Personal private pensions also play an important role in the pension systems in many countries. Privately funded occupational and personal pensions make up the remaining two pillars of the Irish pension system and serve to supplement state pensions. They are voluntary and operate by facilitating workers’ deferment of income by accumulating assets in a pension fund. While occupational pension schemes are common in public sector employment in Ireland, they are also a feature of private sector employment. Personal pensions are most commonly used by people who are self-employed, or those working for employers who do not provide an occupational pension. However, there is recognition of the growing difference in the pension benefits accruing to different groups of labour market participants.13 For example, while the pensions of public sector employees continue to be defined by their service and salary (i.e. defined benefit pensions), the trend for private sector employees is for employer and employee contributions to be invested in an account for each individual employee, with the accumulated proceeds providing income in retirement (i.e. defined contribution pensions).

Many countries now place a greater emphasis on private pensions as a source of income for older people,14 bringing coverage of occupational and private pensions to the forefront of pension policy debates. In Ireland, a target of 70% coverage was first established in 1998 by the National Pensions Policy Initiative, when 46% of employed people had pension coverage – defined as an occupational pension, a personal pension, or both.15 Since then, there has been little change in the coverage of occupational and private pensions.16 Coverage currently stands at 47% suggesting that initiatives and incentives aimed at encouraging people to take out a private pension on a voluntary basis have not had a significant impact.17 Two-thirds of private sector employees in Ireland have no workplace-related pension and are not saving for their retirement, leading to concerns about old age poverty.

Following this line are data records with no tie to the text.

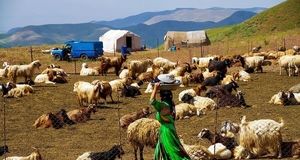 عشایر استان آذربایجان‌غربی تولیدکننده نخست شیر کشور
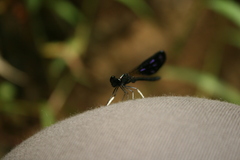 Aristocypha quadrimaculata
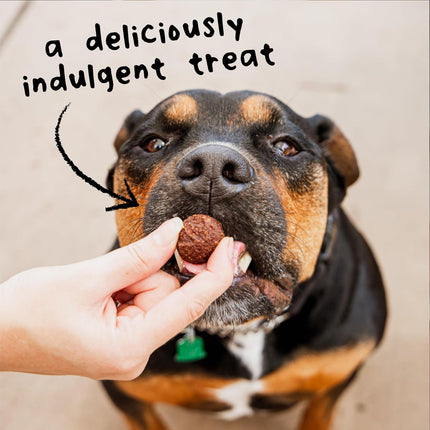 Wag More Bark Less Meatball Bites Gyro Lamb Recipe Dog Treats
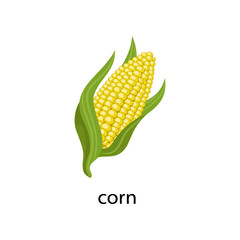 Corn cereal crop cartoon illustration. Corn with leaves isolated on white background. Plant, flowers concept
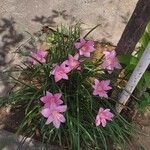 Zephyranthes rosea Cvet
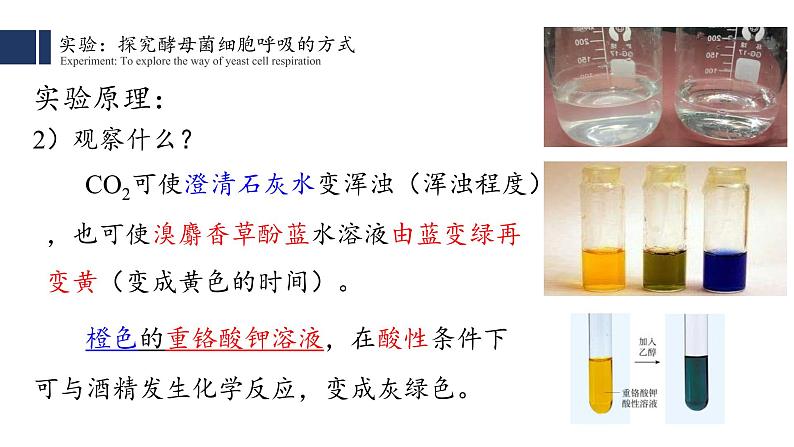 细胞呼吸的原理和应用PPT课件免费下载05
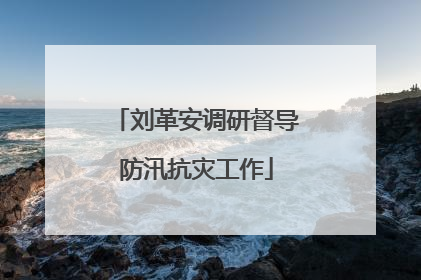 刘革安调研督导防汛抗灾工作
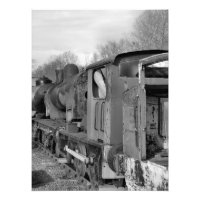 STEAM TRAINS
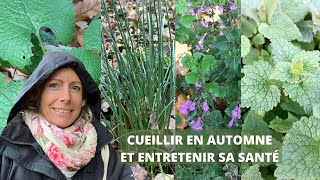 Cueillir en automne et entretenir sa santé [upl. by Halsy]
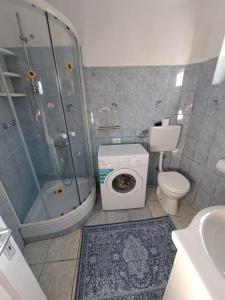 a bathroom with a shower toilet and a washing machine at Comaniciu Sorin in Făgăraş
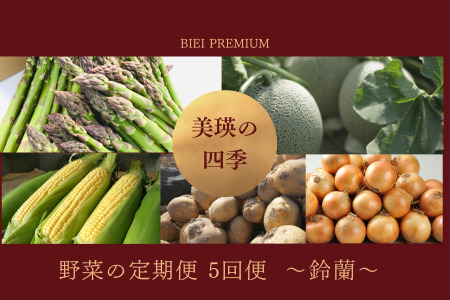 野菜 定期便 [令和8年産予約受付!]〜美瑛の四季〜 野菜の定期便[鈴蘭]5回便 | 野菜 定期便 [058-04]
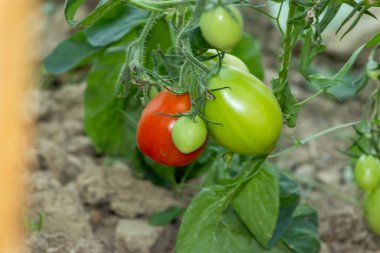 Çalılıklarda yeşeren vitaminlerle dolu taze ev yapımı domatesler..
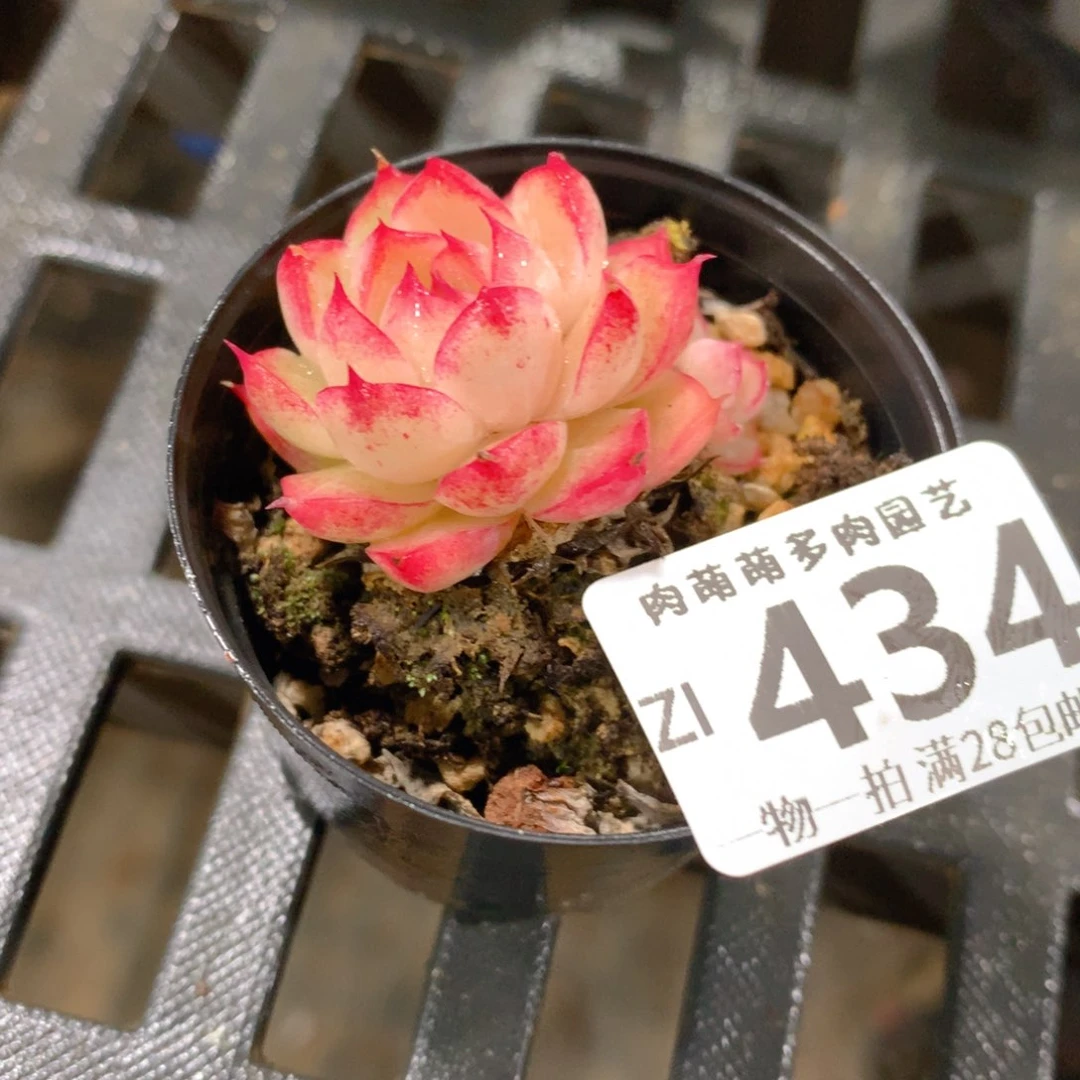 肉萌萌拇指盆精控多肉ZI434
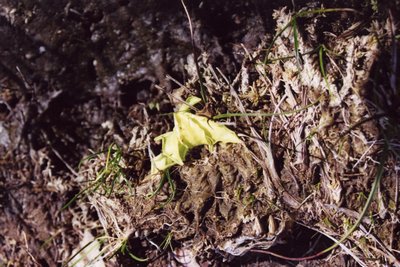 pinguicula vulgaris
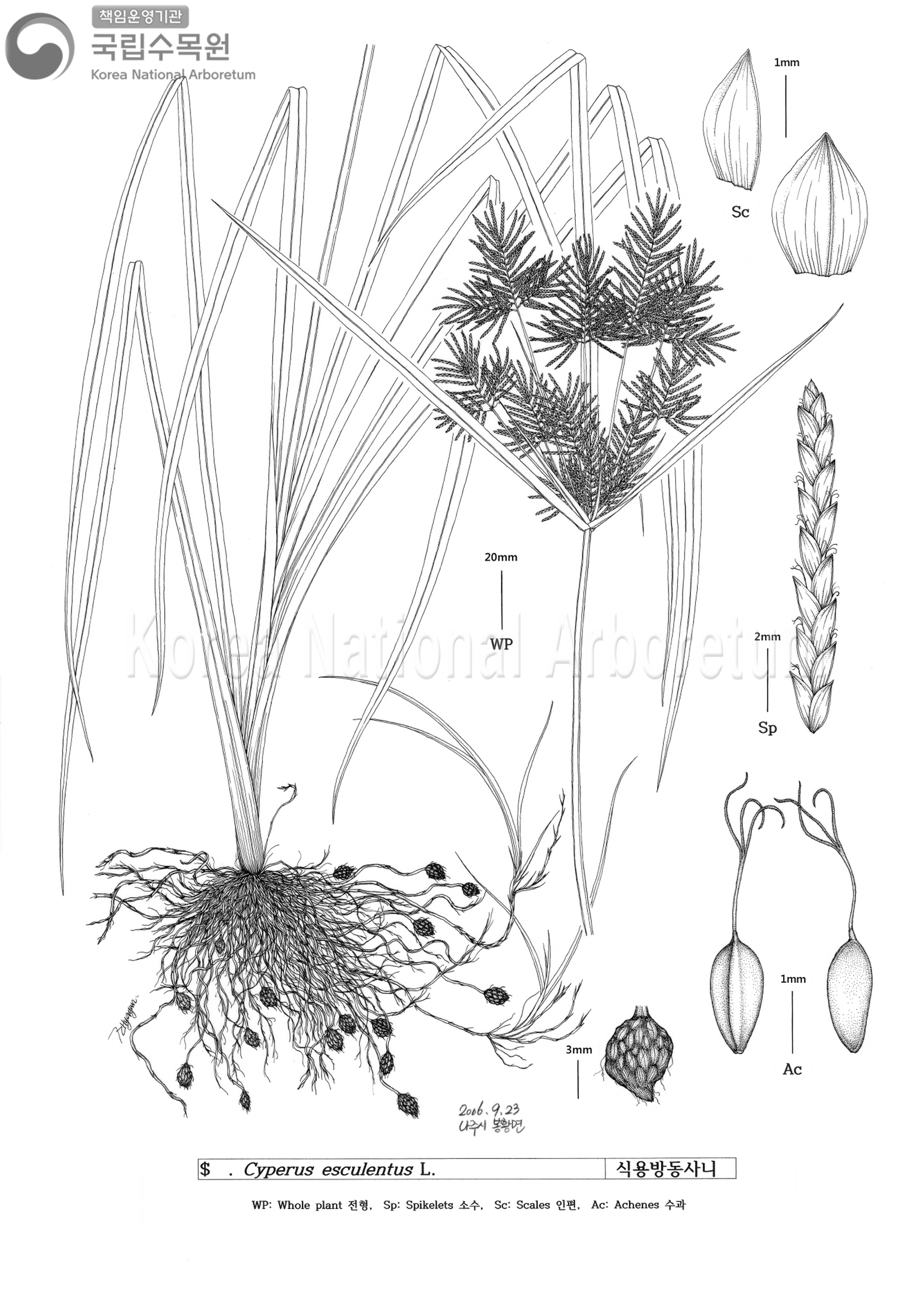 Plant Illustration Detailed View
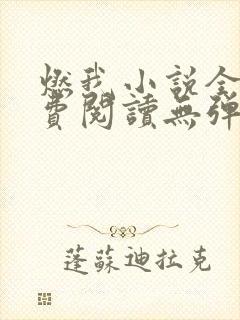 燃我小说全文免费阅读无弹窗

In 2018, the Irish Government published its plan to introduce a national auto-enrolment addition to the pension system by 2022 in order to address the low coverage of private pensions.18 Another means employed by governments seeking to increase the coverage of private pensions is the provision of tax incentives. In Ireland, the taxation system has long been employed to incentivise supplementary private pension provision in its long-established public-private pension mix. Ireland provides generous tax exemptions by international standards. In its regime, the gross build-up of private pension funds and contributions are tax exempt. Pensions in payment are taxed as income, although at the time of writing individuals may take up to 200,000 euro of their personal pension fund as a tax-free lump sum at retirement. The tax foregone in the majority of cases as a result of the tax relief granted on pension savings raises questions of fairness and efficiency in relation to tax expenditure on private pensions.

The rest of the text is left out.